=== EXERCISE MATERIALS ===

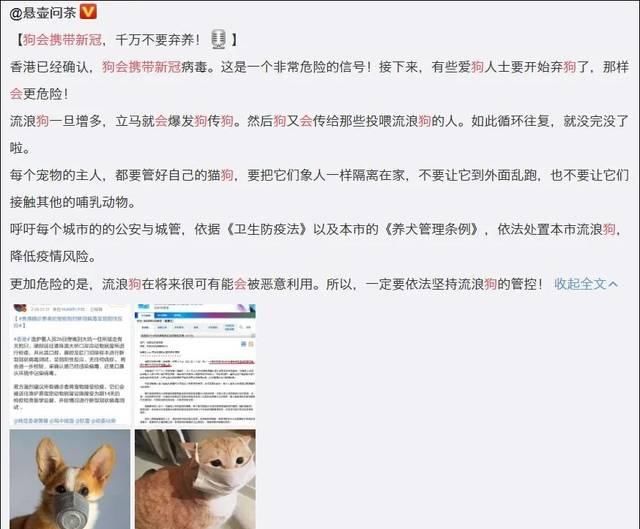 世界卫生组织■网传宠物确诊新冠病毒?世界卫生组织再次紧急辟谣!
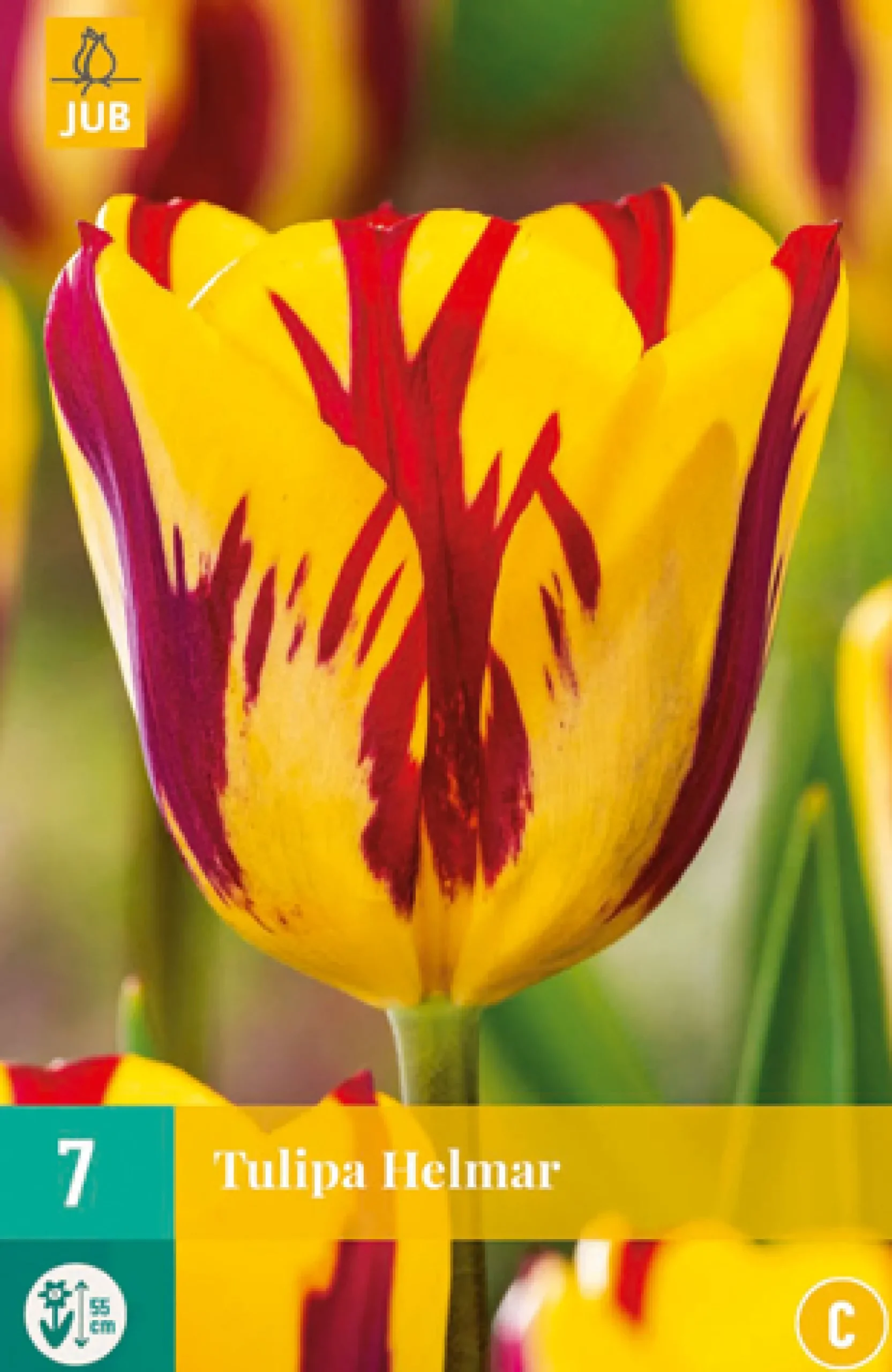 7 bloembollen tulipa helmar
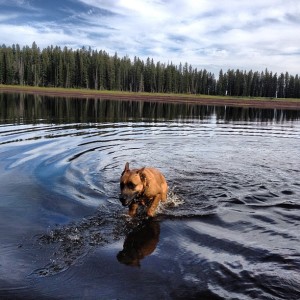 Hank taking a swim break during our long hike of the Crag Crest Trail - Grand Mesa, Colorado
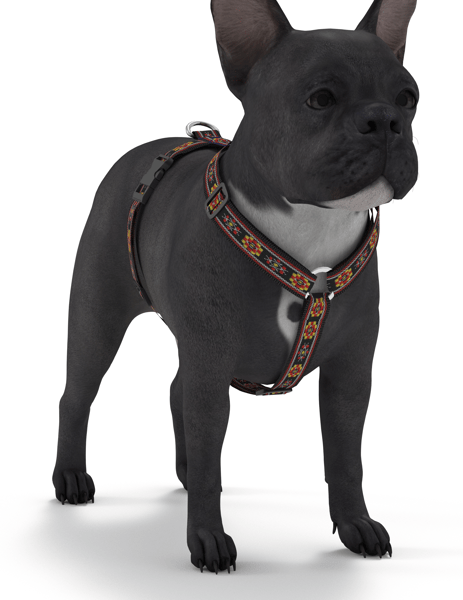 Dog Harness MINI Print_13.png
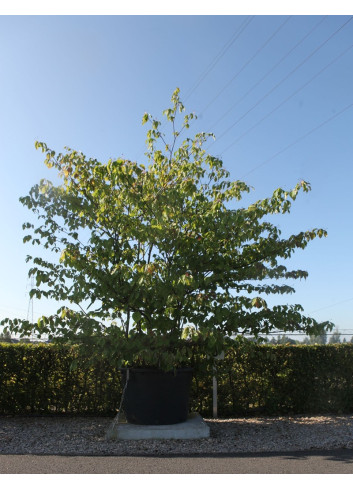 CORNUS controversa En pot de 280-310 litres cépée hauteur 300-350 cm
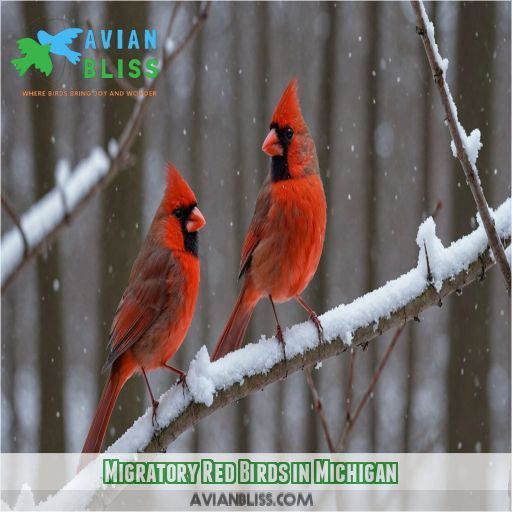 Migratory Red Birds in Michigan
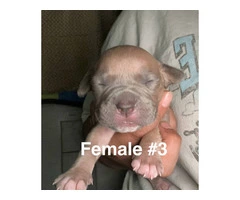 XL Bully Pit puppies - 5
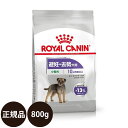 【賞味期限:2025/2/26】 あす楽 正規品 送料無料 ロイヤルカナン ミニステアライズド 800g ROYAL CANIN ロイヤルかなん CCN ケーナイン ケア ニュートリション 犬 犬用 小型犬 MINI ドライフード 避妊 去勢犬用 10ヵ月齢以上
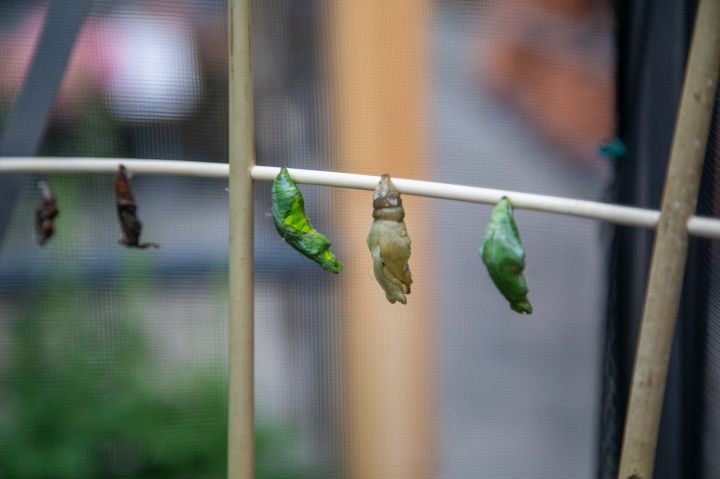 Der Schmetterlingssommer im Gartencenter Kremer ist eröffnet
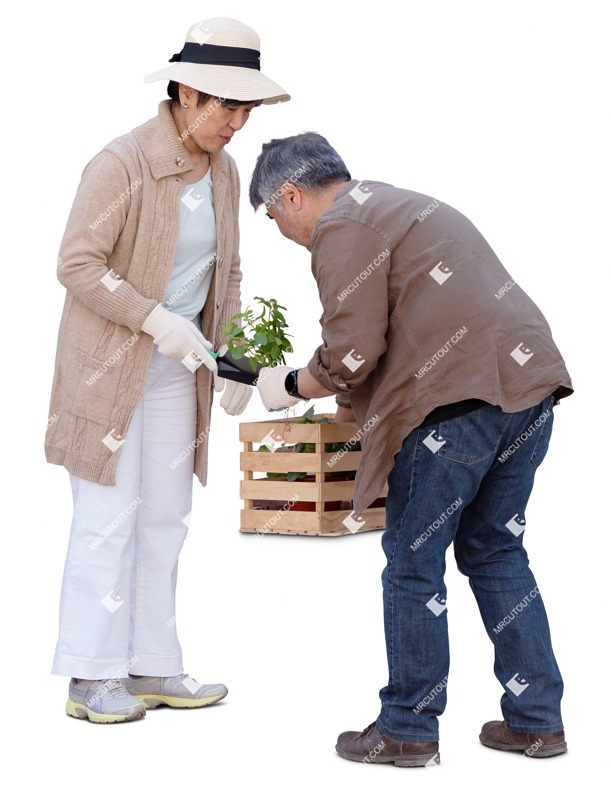Couple gardening entourage people (17373)
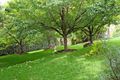 Property photo of 2 Shasta Way Portsea VIC 3944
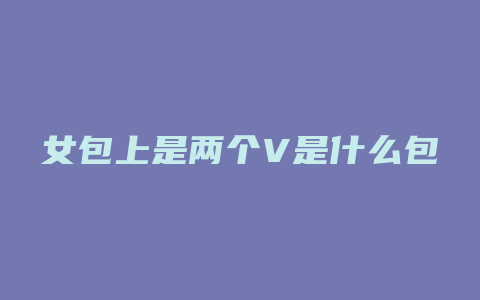 女包上是两个V是什么包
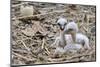 White stork chicks begging for food, Oxfordshire, UK-Nick Upton-Mounted Photographic Print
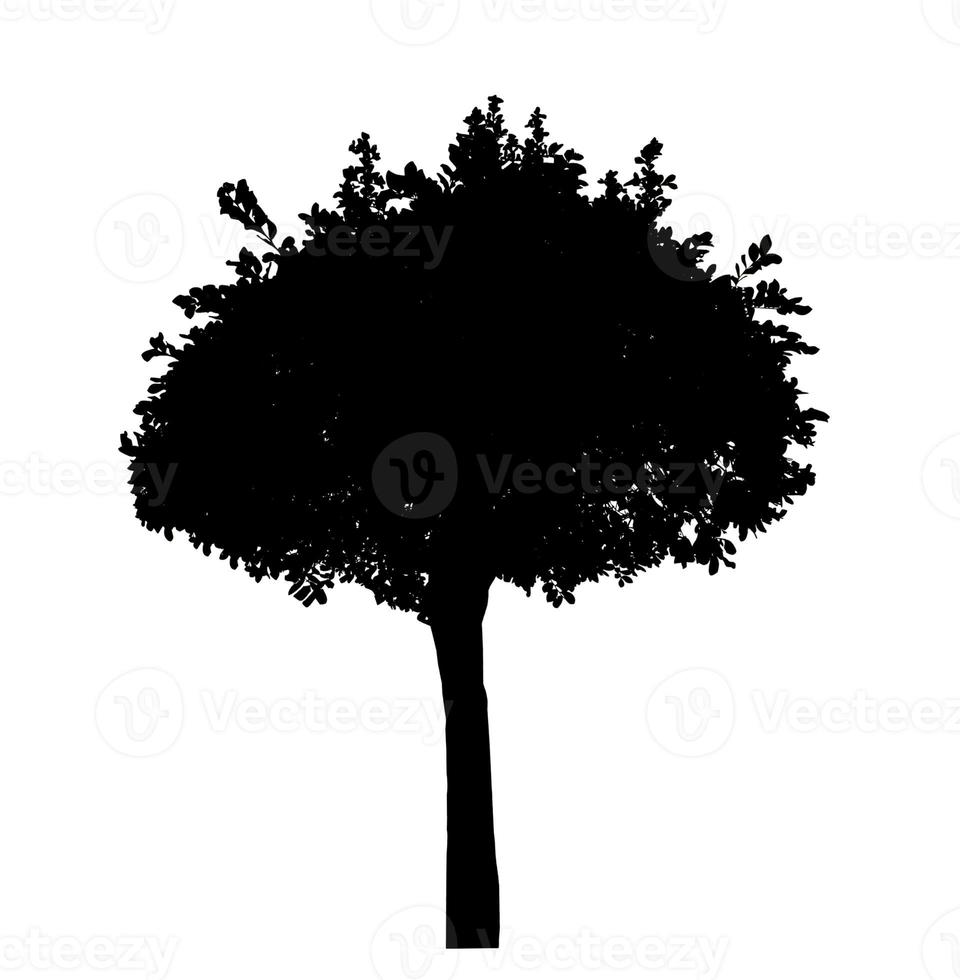 Silhouette Baumpinseldesign auf weißem Hintergrund, Illustrationen Pinselpinsel aus echtem Baum mit Beschneidungspfad und Alphakanal foto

===

PROBLEM
An exact copy is needed of the entries above, starting at the line that holds "Dog Harness MINI Print_13.png" and stopping at the line that holds "White stork chicks", both kept; pictures stay out.

ANSWER SECTION
 Dog Harness MINI Print_13.png
 CORNUS controversa En pot de 280-310 litres cépée hauteur 300-350 cm
 Migratory Red Birds in Michigan
 XL Bully Pit puppies - 5
 【賞味期限:2025/2/26】 あす楽 正規品 送料無料 ロイヤルカナン ミニステアライズド 800g ROYAL CANIN ロイヤルかなん CCN ケーナイン ケア ニュートリション 犬 犬用 小型犬 MINI ドライフード 避妊 去勢犬用 10ヵ月齢以上
 Der Schmetterlingssommer im Gartencenter Kremer ist eröffnet
Couple gardening entourage people (17373)
 Property photo of 2 Shasta Way Portsea VIC 3944
 女包上是两个V是什么包
 White stork chicks begging for food, Oxfordshire, UK-Nick Upton-Mounted Photographic Print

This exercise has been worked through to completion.